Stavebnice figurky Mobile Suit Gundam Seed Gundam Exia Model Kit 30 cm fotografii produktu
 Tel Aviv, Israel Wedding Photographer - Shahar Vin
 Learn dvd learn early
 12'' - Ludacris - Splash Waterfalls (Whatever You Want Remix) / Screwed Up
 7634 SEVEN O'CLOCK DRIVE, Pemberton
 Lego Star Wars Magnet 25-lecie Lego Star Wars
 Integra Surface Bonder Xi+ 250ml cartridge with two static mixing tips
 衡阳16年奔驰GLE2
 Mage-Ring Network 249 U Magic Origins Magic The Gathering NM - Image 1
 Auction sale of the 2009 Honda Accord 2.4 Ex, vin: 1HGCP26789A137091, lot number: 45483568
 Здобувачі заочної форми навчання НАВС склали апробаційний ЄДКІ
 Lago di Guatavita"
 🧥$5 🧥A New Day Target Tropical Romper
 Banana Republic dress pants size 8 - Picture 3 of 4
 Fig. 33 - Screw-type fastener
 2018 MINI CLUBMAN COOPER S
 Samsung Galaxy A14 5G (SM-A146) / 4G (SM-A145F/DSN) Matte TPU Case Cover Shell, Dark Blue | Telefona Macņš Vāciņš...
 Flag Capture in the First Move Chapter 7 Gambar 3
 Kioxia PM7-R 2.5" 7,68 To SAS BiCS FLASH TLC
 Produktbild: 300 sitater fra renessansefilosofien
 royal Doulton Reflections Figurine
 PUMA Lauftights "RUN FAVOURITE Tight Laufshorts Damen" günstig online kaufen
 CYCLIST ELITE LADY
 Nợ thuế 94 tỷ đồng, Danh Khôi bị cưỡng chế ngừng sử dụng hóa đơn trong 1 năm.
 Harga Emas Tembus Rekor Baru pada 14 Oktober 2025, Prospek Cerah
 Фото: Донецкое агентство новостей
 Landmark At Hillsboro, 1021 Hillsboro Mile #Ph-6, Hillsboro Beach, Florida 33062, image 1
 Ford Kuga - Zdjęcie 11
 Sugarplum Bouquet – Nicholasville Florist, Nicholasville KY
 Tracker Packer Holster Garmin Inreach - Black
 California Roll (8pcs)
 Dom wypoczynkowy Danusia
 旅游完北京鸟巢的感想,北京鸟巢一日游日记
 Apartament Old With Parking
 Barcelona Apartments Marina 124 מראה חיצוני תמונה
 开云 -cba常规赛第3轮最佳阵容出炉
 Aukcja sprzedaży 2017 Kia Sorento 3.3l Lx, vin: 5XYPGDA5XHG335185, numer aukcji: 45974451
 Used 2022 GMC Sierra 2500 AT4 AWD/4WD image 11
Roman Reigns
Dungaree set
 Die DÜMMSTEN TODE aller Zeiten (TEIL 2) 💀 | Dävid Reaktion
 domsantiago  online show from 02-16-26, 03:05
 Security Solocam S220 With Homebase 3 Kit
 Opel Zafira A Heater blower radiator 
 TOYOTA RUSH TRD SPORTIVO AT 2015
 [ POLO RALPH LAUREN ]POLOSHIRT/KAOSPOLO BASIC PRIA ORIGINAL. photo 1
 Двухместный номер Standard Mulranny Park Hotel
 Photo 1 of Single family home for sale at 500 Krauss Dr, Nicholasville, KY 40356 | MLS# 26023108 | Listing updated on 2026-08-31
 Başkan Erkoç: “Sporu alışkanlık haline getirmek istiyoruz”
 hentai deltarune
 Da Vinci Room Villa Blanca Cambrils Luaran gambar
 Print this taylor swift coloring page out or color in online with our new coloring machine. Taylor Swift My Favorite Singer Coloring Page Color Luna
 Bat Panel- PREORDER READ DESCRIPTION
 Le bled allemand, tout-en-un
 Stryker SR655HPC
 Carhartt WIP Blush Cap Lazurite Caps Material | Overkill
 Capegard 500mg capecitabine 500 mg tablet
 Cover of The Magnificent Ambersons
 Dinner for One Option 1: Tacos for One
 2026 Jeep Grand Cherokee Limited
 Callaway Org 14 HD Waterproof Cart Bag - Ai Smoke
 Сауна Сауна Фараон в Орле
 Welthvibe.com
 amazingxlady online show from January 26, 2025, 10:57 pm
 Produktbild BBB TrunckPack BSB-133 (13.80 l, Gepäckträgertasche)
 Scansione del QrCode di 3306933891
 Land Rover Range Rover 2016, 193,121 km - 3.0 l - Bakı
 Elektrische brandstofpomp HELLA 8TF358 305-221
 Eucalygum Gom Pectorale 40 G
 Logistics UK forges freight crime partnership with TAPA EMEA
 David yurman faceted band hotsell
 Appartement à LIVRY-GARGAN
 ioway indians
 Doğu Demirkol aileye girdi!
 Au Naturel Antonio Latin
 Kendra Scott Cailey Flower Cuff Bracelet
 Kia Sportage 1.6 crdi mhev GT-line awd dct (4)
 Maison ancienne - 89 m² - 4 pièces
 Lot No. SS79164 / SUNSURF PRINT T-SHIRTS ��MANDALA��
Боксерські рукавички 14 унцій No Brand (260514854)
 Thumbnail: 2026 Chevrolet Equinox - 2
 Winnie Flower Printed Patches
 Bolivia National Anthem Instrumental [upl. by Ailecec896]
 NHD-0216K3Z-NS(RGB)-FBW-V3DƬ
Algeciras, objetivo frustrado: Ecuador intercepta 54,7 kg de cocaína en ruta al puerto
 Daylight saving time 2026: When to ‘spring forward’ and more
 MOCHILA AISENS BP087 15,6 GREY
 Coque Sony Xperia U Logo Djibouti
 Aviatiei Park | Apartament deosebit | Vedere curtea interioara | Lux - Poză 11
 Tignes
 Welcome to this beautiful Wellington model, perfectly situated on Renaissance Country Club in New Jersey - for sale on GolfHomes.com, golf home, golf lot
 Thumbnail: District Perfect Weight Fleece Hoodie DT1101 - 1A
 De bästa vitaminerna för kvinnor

=-=-=-=-=

■ WORK TO BE COMPLETED ■
Where does "Apartament" occur in the data? Copy each line that has it.

■ EXPECTED ANSWER ■
 Apartament Old With Parking
 Aviatiei Park | Apartament deosebit | Vedere curtea interioara | Lux - Poză 11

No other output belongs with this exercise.